▶ TASK TO CARRY OUT
No pictures are to be included when the entries below are reproduced exactly.

Top of RECORD EXCERPTS

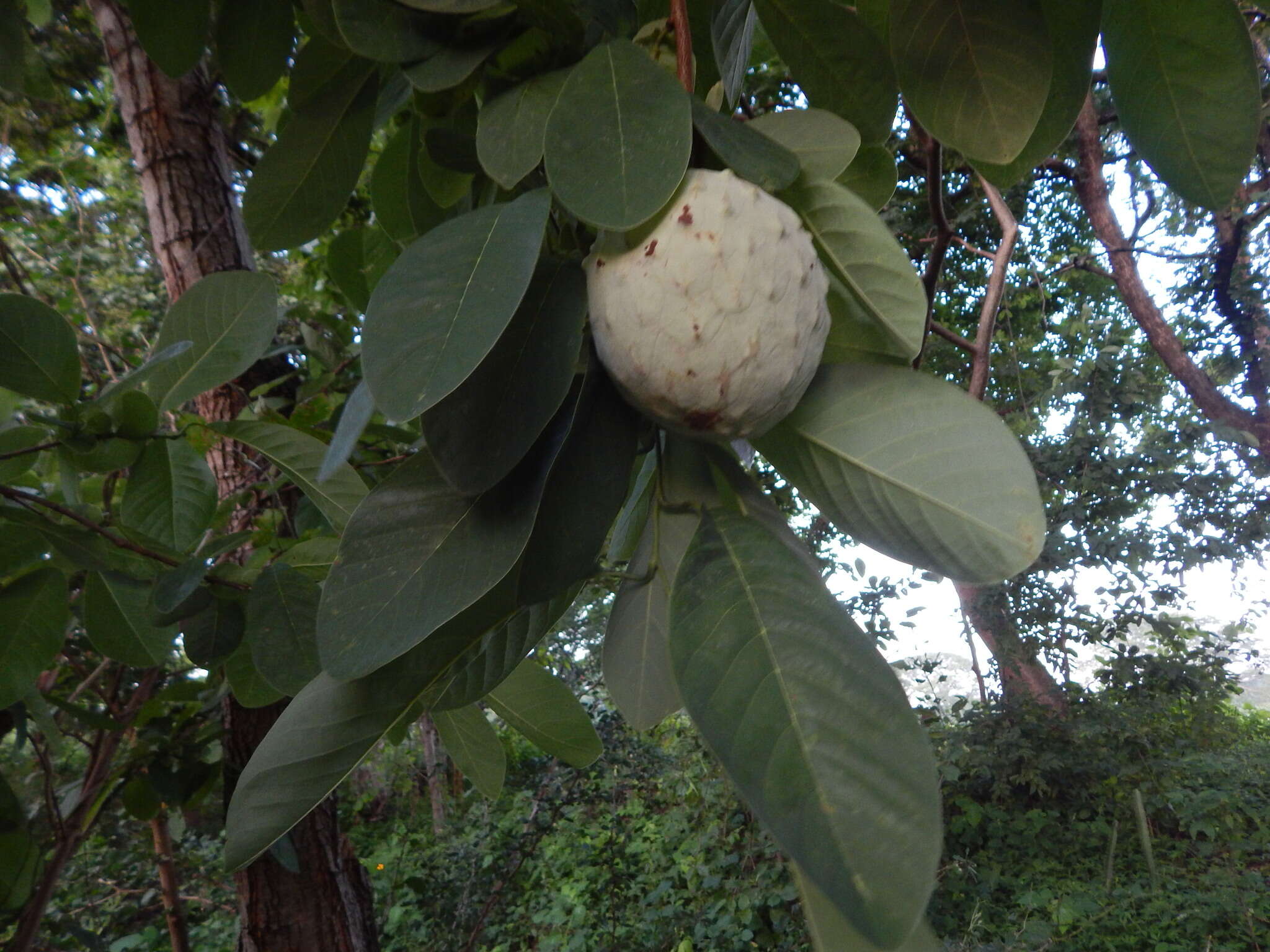 Sivun Annona macroprophyllata Donn. Sm. kuva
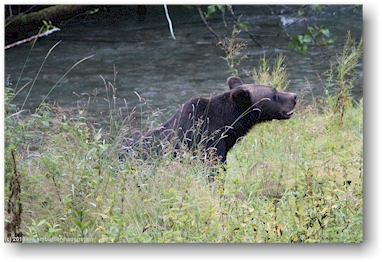 br in der fish creek wildlife site bei hyder, alaska, USA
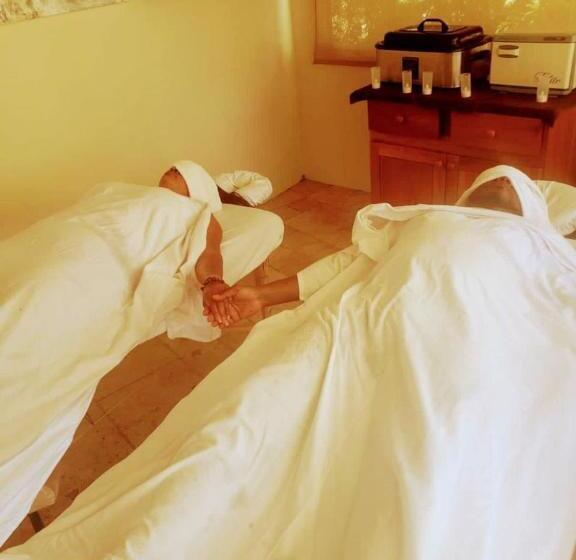 اتاق استاندارد با تخت بزرگ, Blue Paloma Bed & Breakfast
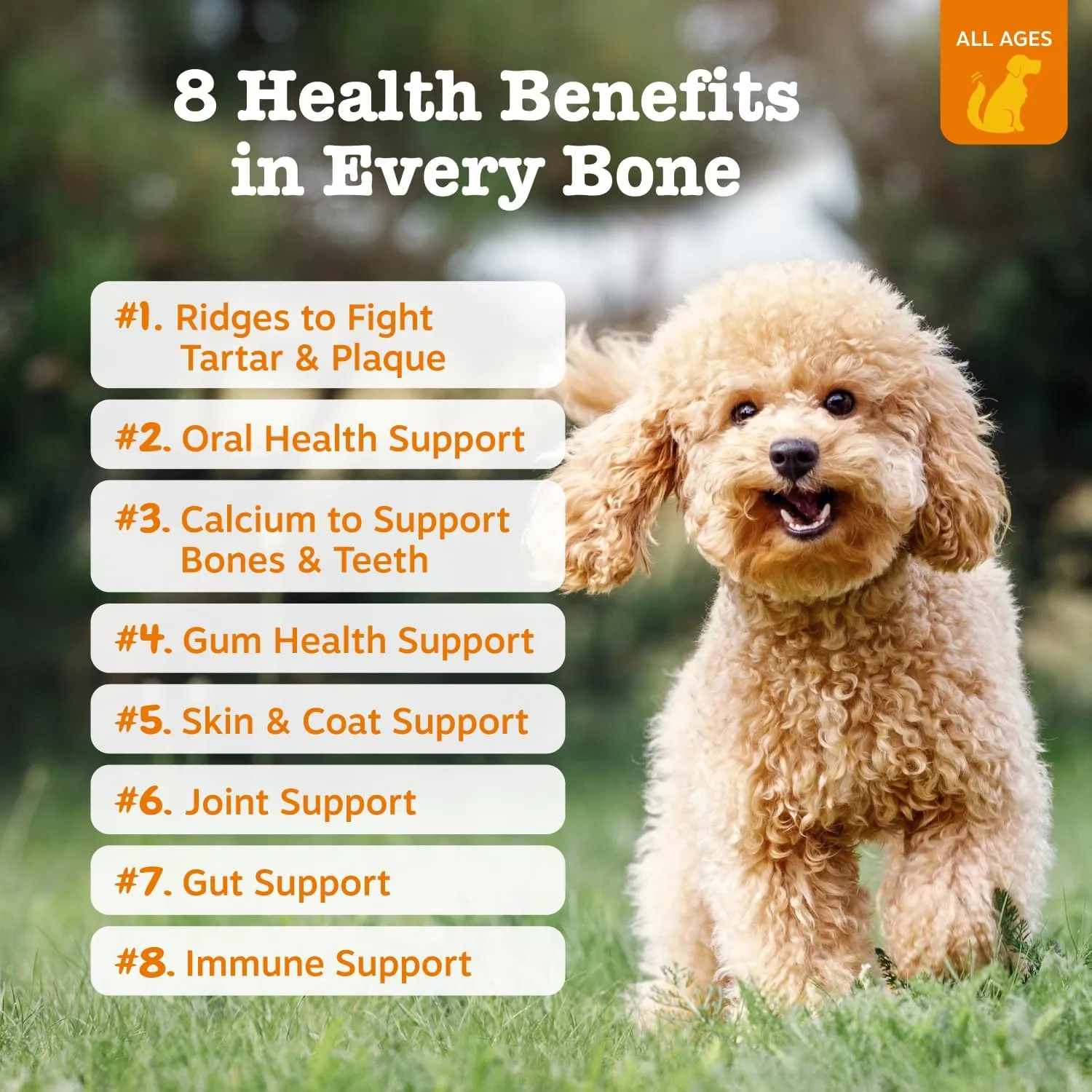 Zesty Paws Dental Bones - Fights Tartar & Plaque - Gum, Teeth & Bone Health - Cinnamon for Dog Breath - Immune, Joint, Gut, Skin & Coat Support - Omega 3 EPA & DHA and Calcium - Medium Dogs - 12 ct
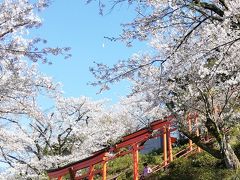 春の「浮羽稲荷神社」と「流川の桜並木」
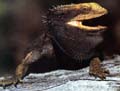 Bearded Dragon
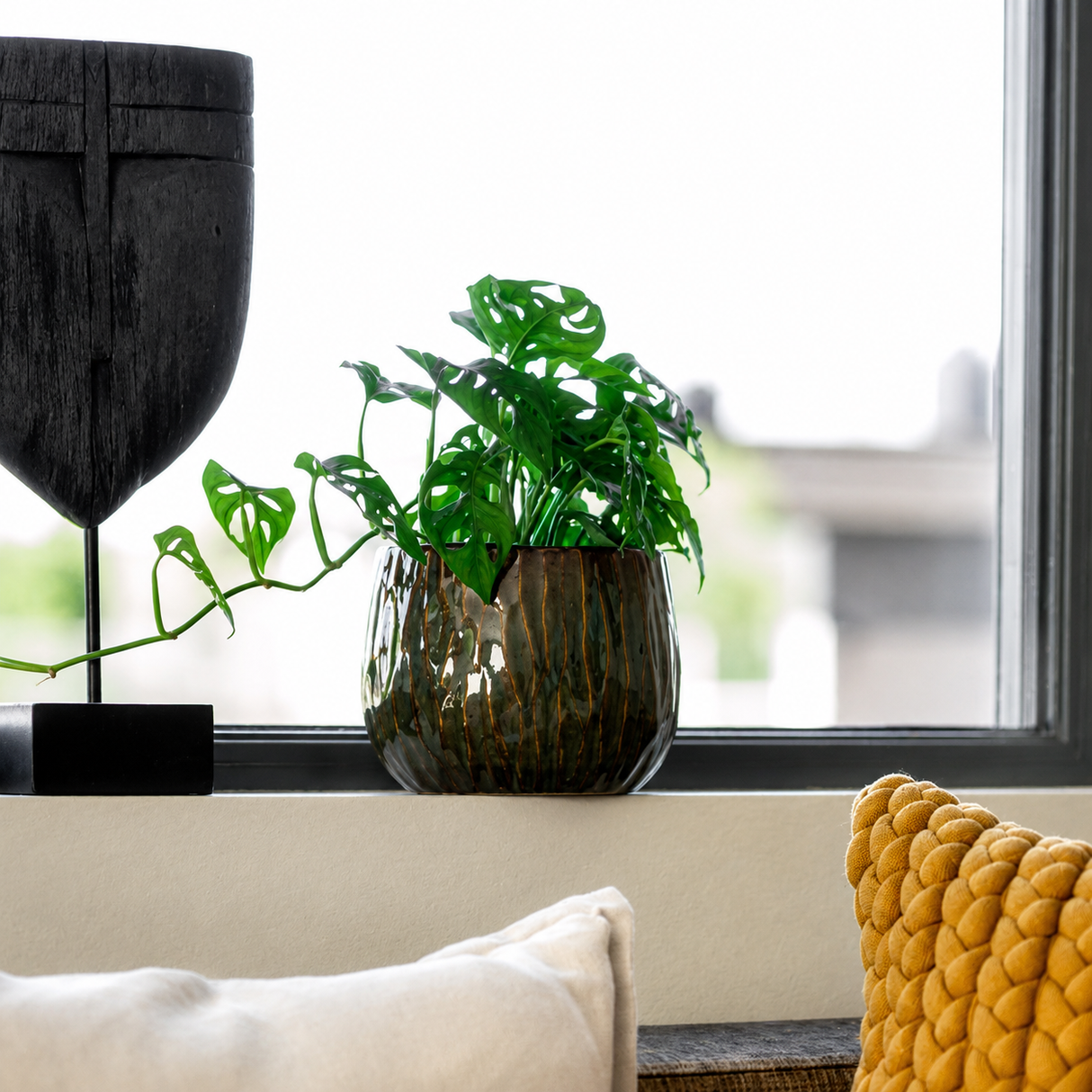 Pan Green potteskjuler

Bottom of RECORD EXCERPTS

▶ ANSWER BELOW
 Sivun Annona macroprophyllata Donn. Sm. kuva
 br in der fish creek wildlife site bei hyder, alaska, USA
 اتاق استاندارد با تخت بزرگ, Blue Paloma Bed & Breakfast
 Zesty Paws Dental Bones - Fights Tartar & Plaque - Gum, Teeth & Bone Health - Cinnamon for Dog Breath - Immune, Joint, Gut, Skin & Coat Support - Omega 3 EPA & DHA and Calcium - Medium Dogs - 12 ct
 春の「浮羽稲荷神社」と「流川の桜並木」
 Bearded Dragon
 Pan Green potteskjuler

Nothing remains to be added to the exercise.